Inwiefern hat das Interview in den Kontext des Titelthemas „Widerständchen: Jena zwischen Revolution und Resignation“ gepasst?

Ehrlich gesagt hätte ich mich bis eben nicht einmal erinnert, dass die Ausgabe so heißt. Ich würde den Titel nicht überinterpretieren. Wir waren eine ziemlich vielfältige Gruppe mit ganz unterschiedlichen Interessen. Der eine wollte Gedichte schreiben, die andere Hip-Hop-Jams besuchen, der dritte über Geschlechtsangleichungen aufklären und die vierte Party-Tipps geben. Am Ende haben wir irgendeinen Titel gesucht, der das Durcheinander halbwegs zusammenhält.

Habt ihr bei der Vorbereitung des Interviews geahnt, dass es auf solche Ablehnung stoßen könnte?

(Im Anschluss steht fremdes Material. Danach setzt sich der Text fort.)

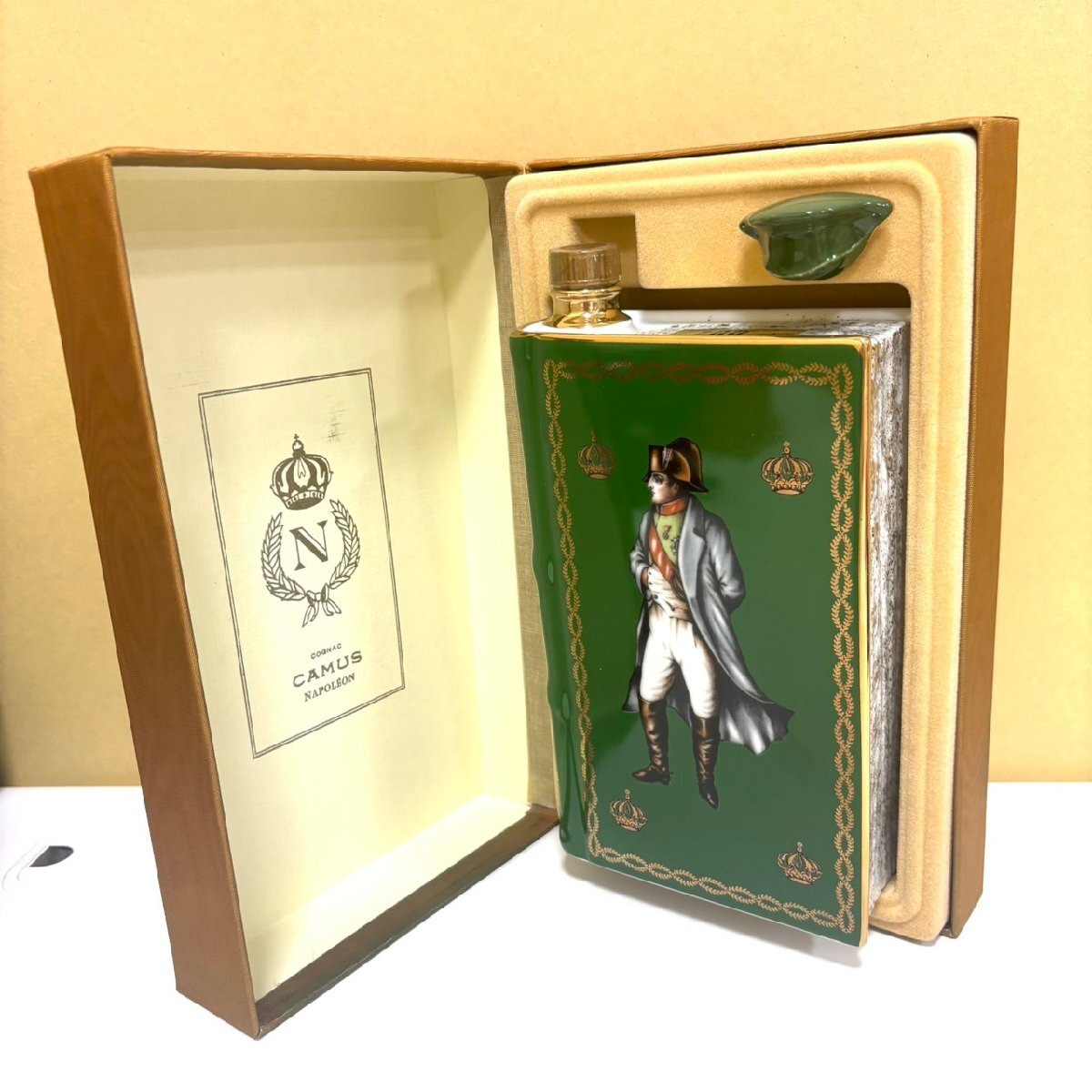 2本セット CAMUS NAPOLEON ブック 陶器ボトル 青 白×緑 CAMUS カミュ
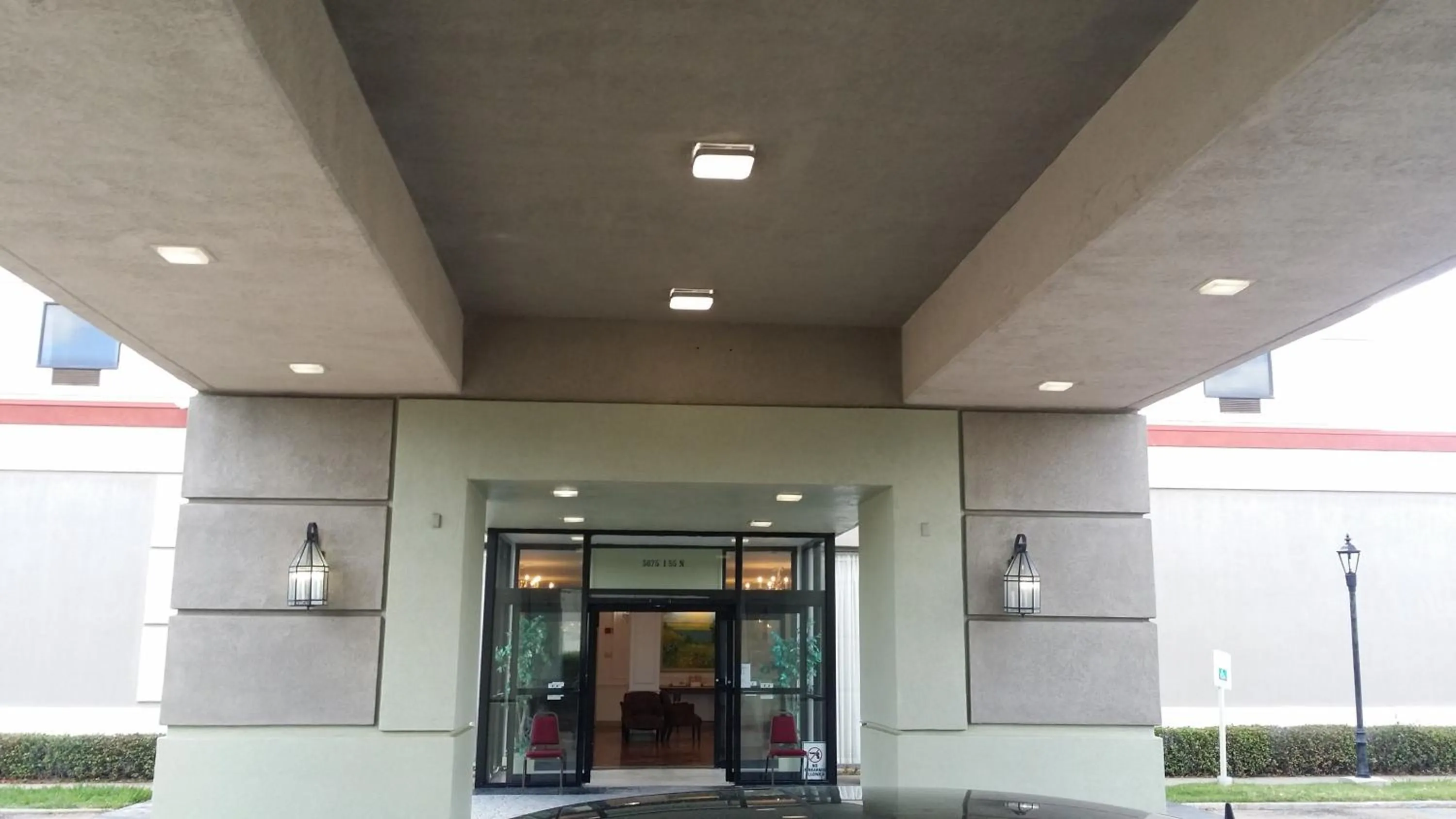 Facade/entrance in Olive Tree Hotel and Banquet halls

Ja und nein. Einerseits hatten wir zu Anfang wirklich geglaubt, ein gutes, kritisches, entlarvendes Interview machen zu können, was weniger an unseren Kenntnissen in Journalismus und Rechtsextremismus lag als an unserer Selbstüberschätzung. Spätestens als es dann transkribiert auf dem Tisch lag, war uns schon klar, dass das nicht der große Wurf war. Dass die Sache dann aber so eskalieren wird, wir Thema im Landtag werden, überregionale Medien bei uns anrufen, über Monate sich alle möglichen Uni-Gremien mit uns beschäftigen, das war uns natürlich nicht klar.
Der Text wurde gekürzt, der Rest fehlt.